IMHO, the IS of the f4 should balance the one stop shutter difference. Have I overlooked anything?
Is there a mathematic difference to depth of field based upon max aperture?
1 ACCEPTED SOLUTION


@SonomaBear wrote:
Thank you Scotty... an old man can learn a new trick.
I always thought that DOF was nil at max aperture rather than a slight difference based upon the max. So a 1.4 prime will had a bit less DOF than a 1.8 all else being equal.
Since I shoot so many portraits at 85mm, perhaps I'll get the EF85 f1.8 instead of using a variable aperture zoom.
I went to http://www.dofmaster.com/dofjs.html for info.

Yes.  And if you're looking for truly thin DoF, then get a fast prime over the zoom.  1.8 is a whole lot thinner than 2.8.  More so than the difference between 2.8 and 4.  Once you go below 2.8-ish you really have to pay attention to exactly where you're focusing.

 

The 85mm 1.8 is a great choice for portraiture.

View solution in original post

12 REPLIES 12

"That said, the IS will be very helpful."

 

Maybe better said, IS can be very helpful.  Tim gave another good explaination of how IS can help.  But to take it further, IS is varible as stated.  It works best starting with one stop and gradually gets less effective the more stops you try.  It does not automatically turn off at 4 stops.

Also you should consider, just as you don't want to yse IS on with a tripod, you don't want to use it from a moving platform.  A car for instance.  This can confuse the IS.

Which brings up the last point, IS will be more or less effective for different people.  The better you are at holding and shooting correctly the better the IS will perform for you.  You may be that individual that get consistant 4 stop shots.  Maybe not.

 

IS is not a feature I "must have".  But if two lenses are offered one with and one without, I will pick the IS version every time.
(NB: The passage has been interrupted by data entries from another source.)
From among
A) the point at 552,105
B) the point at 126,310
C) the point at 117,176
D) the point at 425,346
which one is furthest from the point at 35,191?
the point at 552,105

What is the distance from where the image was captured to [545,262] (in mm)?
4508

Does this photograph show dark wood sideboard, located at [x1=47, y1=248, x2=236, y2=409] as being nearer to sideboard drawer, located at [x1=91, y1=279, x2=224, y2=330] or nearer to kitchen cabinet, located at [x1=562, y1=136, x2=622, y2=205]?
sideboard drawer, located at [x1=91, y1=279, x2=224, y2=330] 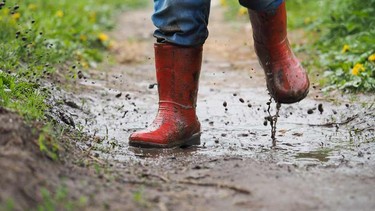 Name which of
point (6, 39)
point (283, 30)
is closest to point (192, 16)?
point (283, 30)

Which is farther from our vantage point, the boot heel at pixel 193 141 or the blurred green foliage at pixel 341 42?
the blurred green foliage at pixel 341 42

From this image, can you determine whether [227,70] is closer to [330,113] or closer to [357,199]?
[330,113]

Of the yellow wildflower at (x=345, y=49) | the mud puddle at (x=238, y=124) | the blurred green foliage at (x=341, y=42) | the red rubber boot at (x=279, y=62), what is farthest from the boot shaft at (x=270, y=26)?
the yellow wildflower at (x=345, y=49)

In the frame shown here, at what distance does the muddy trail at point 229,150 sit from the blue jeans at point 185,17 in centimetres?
53

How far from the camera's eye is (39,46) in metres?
4.79

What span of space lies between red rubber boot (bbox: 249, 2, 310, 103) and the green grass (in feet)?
3.68

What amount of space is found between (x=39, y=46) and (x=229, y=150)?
212cm

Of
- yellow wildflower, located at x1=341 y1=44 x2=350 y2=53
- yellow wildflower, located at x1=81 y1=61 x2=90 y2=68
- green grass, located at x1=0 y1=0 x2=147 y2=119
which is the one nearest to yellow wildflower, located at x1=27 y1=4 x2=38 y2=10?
green grass, located at x1=0 y1=0 x2=147 y2=119

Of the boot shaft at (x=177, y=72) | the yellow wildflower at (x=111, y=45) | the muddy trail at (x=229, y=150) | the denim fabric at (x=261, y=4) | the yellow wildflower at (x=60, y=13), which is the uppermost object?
the yellow wildflower at (x=60, y=13)

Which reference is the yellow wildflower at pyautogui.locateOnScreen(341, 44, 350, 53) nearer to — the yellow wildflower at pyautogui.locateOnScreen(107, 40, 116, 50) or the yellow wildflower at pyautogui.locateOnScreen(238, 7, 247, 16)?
the yellow wildflower at pyautogui.locateOnScreen(107, 40, 116, 50)

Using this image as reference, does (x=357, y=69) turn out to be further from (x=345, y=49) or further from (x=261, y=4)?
(x=261, y=4)

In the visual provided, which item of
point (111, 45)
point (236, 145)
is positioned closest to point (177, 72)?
point (236, 145)

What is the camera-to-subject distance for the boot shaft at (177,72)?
333cm

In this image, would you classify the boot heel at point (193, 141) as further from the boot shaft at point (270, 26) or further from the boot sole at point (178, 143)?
the boot shaft at point (270, 26) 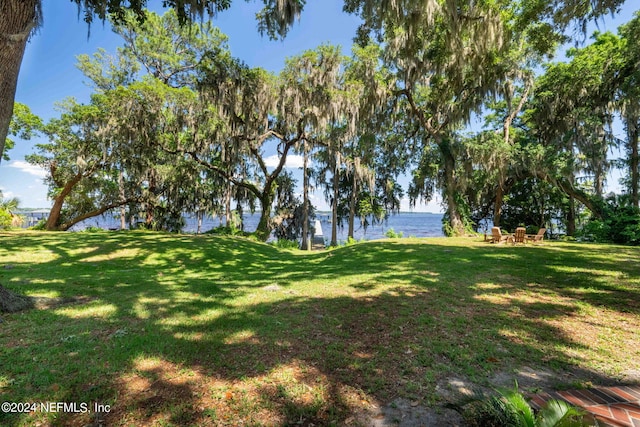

Remember in the end the only person that needs to be happy with the results, is you.

EB
EOS 1DX and 1D Mk IV and less lenses then before!


@SonomaBear wrote:

I'm using a 70D (crop sensor) effectively turning the 28-70 into a 45~112 which is perfect for candids (I rarely do formal portraits)... giving me 12 inch DOF at 15 feet at f4 (said the calculator) -- just perfect for candids with ISO on auto.

 


That doesn't sound right to me.  What calculator did you use?  Maybe it is, just doesn't sound right.  I'd expect a much wider DoF at 70mm and 15 feet at f/4 on a crop.  Both in terms of my true DoF (what is technically in focus), and the effect on my background (I wouldn't expect much bokeh unless the background was really far back.  Just based off experience, not calculators.

Skirtball - you are correct. DOF on a 70D, 70mm, 15', and f4 is 2.11 feet (near to far).

 

Even though with a crop sensor camera, you set the actual FL (70mm) on the calculator. By setting the camera body, the crop factor is calculated corectly.

I guess you could say about a foot if you are thinking of a foot in front and a foot behind). From "www.DOFMASTER.com". Jim

 

ps - this site does not have the option of a 70D, but any of the Canon 1.6 crop sensor cameras will give the correct DOF (I used the 60D).